Problem to solve
Write out the listing from the line with "To Know Documentary" to the line with "Chiều dài mỗi", both lines included, exactly and nothing beyond. Leave pictures out.

Information
═══

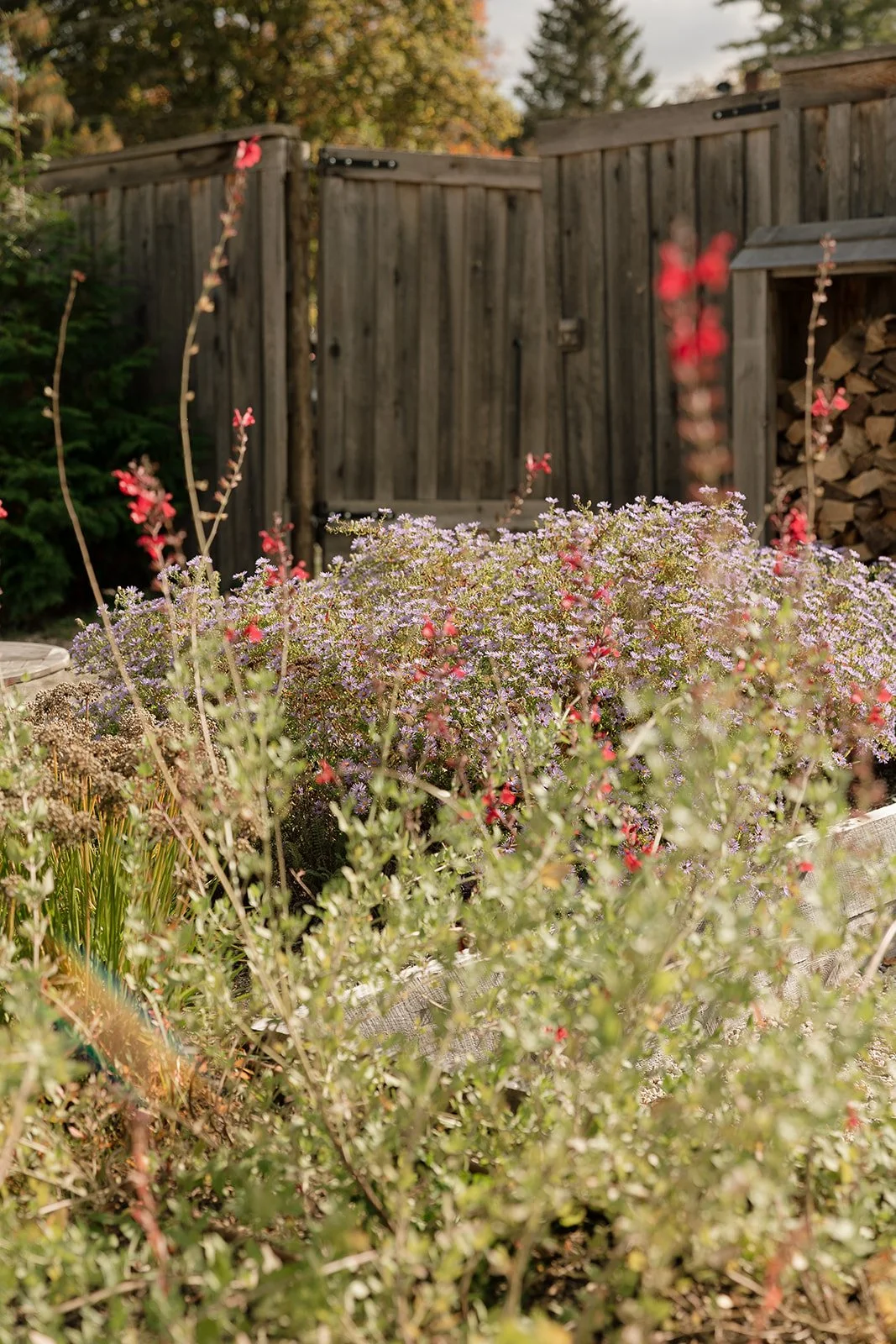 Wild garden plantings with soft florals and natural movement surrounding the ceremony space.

═══

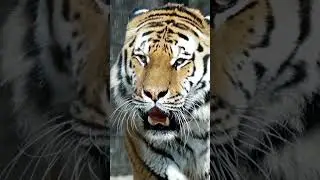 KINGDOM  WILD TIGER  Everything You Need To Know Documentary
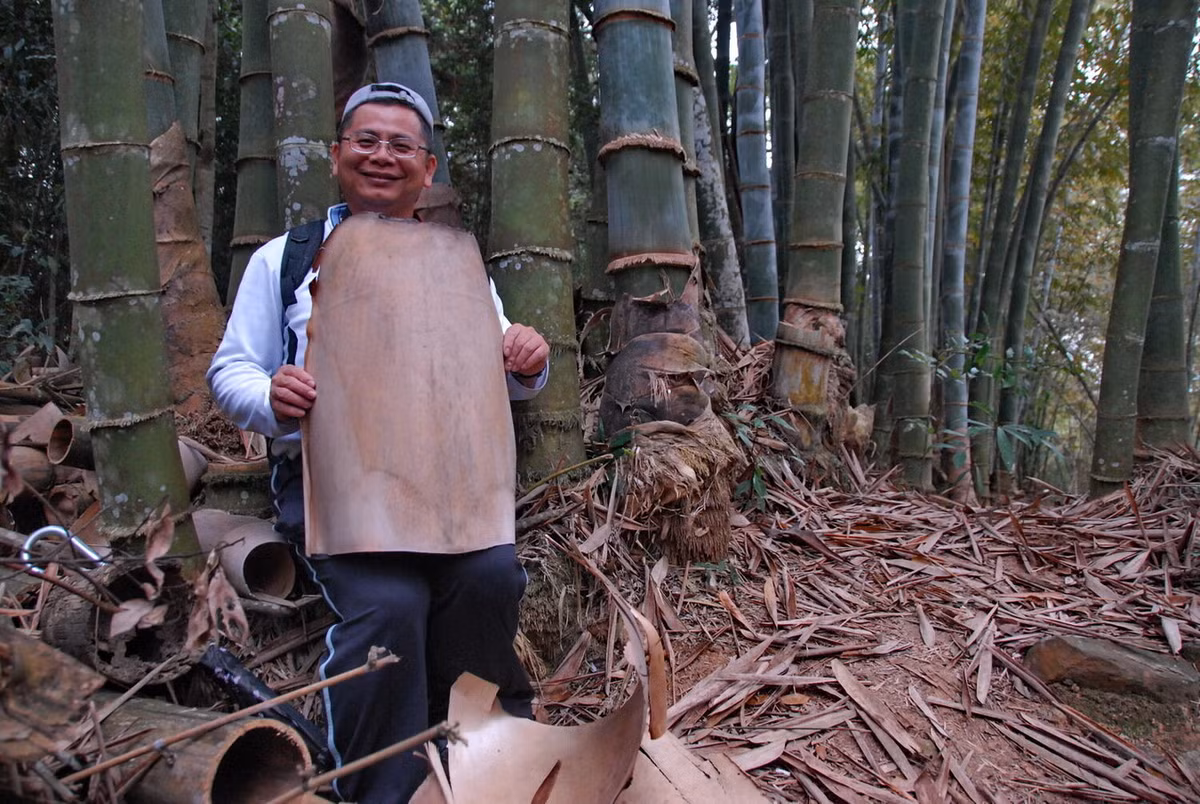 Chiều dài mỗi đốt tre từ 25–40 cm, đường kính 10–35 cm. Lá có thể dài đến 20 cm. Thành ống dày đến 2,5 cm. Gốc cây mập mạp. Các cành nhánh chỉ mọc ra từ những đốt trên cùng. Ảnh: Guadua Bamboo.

═══

Written answer
 KINGDOM  WILD TIGER  Everything You Need To Know Documentary
 Chiều dài mỗi đốt tre từ 25–40 cm, đường kính 10–35 cm. Lá có thể dài đến 20 cm. Thành ống dày đến 2,5 cm. Gốc cây mập mạp. Các cành nhánh chỉ mọc ra từ những đốt trên cùng. Ảnh: Guadua Bamboo.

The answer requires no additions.